GENEVA (Reuters) - The United Nations human rights office said on Tuesday that any power transfer deal in Yemen should not include an amnesty for President Ali Abdullah Saleh, whose security forces are accused of killing largely peaceful protesters and other crimes.
A proposed power transfer plan brokered by the Gulf Cooperation Council (GCC) would offer immunity to Saleh and those serving under him in exchange for his stepping down.
The U.N. Security Council is expected to make a decision this week on a resolution to "strongly condemn" the government's human rights violations. The draft resolution, obtained by Reuters in New York, urges Saleh to "immediately sign and implement" the plan by the six-nation GCC.
"We've not seen the details of the initiative put forth by the GCC so we can't comment on the specifics of that proposed deal. However, international law is pretty clear on this issue.
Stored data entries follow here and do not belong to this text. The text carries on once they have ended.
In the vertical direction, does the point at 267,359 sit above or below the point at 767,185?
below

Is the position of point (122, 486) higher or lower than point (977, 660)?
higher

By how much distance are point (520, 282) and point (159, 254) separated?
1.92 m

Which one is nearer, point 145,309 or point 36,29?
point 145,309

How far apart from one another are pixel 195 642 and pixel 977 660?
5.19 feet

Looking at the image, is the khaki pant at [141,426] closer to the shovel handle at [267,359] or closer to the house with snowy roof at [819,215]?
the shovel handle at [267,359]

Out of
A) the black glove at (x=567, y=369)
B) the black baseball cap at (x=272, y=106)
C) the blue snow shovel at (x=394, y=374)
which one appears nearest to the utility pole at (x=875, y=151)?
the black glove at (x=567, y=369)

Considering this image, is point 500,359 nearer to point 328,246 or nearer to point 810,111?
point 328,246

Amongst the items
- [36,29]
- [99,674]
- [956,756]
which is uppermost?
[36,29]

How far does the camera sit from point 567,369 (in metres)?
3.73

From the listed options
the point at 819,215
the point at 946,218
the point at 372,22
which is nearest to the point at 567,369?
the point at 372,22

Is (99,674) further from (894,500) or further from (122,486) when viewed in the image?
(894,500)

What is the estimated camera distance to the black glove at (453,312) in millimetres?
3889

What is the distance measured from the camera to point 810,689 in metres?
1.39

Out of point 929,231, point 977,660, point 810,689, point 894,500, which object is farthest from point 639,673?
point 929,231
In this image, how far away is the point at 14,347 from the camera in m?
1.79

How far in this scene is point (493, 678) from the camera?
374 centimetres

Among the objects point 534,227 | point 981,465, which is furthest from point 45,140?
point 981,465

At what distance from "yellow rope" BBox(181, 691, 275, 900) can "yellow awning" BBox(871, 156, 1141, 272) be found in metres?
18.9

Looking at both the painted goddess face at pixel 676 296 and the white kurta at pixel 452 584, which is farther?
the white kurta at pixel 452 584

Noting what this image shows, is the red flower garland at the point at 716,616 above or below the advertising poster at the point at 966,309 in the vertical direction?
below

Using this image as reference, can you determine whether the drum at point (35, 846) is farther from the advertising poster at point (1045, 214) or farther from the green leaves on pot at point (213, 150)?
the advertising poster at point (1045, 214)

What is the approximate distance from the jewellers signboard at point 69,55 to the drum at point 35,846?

It prohibits the use of amnesties that prevent the prosecution of individuals for war crimes, genocide, crimes against humanity or gross violations of human rights," U.N. rights spokesman Rupert Colville told a news briefing in Geneva.
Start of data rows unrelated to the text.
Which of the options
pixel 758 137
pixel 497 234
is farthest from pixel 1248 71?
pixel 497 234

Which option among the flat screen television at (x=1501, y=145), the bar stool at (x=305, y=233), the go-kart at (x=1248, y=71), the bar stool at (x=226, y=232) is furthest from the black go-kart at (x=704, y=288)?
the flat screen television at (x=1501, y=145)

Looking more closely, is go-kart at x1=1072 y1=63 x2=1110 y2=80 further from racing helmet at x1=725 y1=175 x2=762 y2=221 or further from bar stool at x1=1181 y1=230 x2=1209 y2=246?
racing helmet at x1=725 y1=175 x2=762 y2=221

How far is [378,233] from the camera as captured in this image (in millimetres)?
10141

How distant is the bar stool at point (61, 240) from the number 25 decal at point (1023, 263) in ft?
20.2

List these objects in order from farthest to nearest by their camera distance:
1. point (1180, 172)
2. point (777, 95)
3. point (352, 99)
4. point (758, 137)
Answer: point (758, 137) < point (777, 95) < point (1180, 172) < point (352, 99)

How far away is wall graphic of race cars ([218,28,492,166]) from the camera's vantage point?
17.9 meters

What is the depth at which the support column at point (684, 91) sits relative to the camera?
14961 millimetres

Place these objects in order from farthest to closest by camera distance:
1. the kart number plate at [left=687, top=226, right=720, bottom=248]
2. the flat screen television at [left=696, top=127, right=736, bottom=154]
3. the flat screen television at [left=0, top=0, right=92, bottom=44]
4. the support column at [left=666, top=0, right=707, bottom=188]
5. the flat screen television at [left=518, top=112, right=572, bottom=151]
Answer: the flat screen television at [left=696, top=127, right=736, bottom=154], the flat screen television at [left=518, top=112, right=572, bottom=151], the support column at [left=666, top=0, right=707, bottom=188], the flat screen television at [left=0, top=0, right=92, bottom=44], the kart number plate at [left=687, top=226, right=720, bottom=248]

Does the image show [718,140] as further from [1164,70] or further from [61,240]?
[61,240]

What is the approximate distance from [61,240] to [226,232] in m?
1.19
"So that's the general position on amnesties which would apply in this situation, as in any other," he added, speaking in response to a reporter's question.
The office of U.N. High Commissioner for Human Rights Navi Pillay condemns the killing of largely peaceful protesters in the cities of Sanaa and Taiz by Yemeni security forces wielding indiscriminate force, Colville said.
At least 34 people have been killed in the last four days, including six on Tuesday, in the intensifying crackdown.
"In addition to those killed, hundreds of people have been reportedly injured by the disproportionate use of force against unarmed protesters," Colville said.
An international, independent investigation was required to hold perpetrators accountable and render justice to victims.
"We are extremely concerned that security forces continue to use excessive force in a climate of impunity for crimes that are resulting in heavy loss of life and injury, despite repeated pledges by the government to the contrary," he added.
Amnesty International has said that Saleh should not be immune from prosecution and those responsible for extrajudicial executions, torture and enforced disappearances should be brought to justice as part of any transition agreement.
Saleh, who says he is ready to step down but wants to ensure that control of the country is put in "safe hands," has rejected the GCC plan three times.
Saleh, who has ruled the impoverished country for 33 years, has stayed in office despite 10 months of mass protests against his rule inspired by pro-democracy unrest across the Arab world.
Opposition to him has turned increasingly violent and organized, threatening to pitch Yemen into all-out civil war.
The U.N. rights office also called on armed opponents of Saleh's government to remove weapons from public spaces being used by peaceful protesters and to "stop launching armed attacks from densely-populated areas."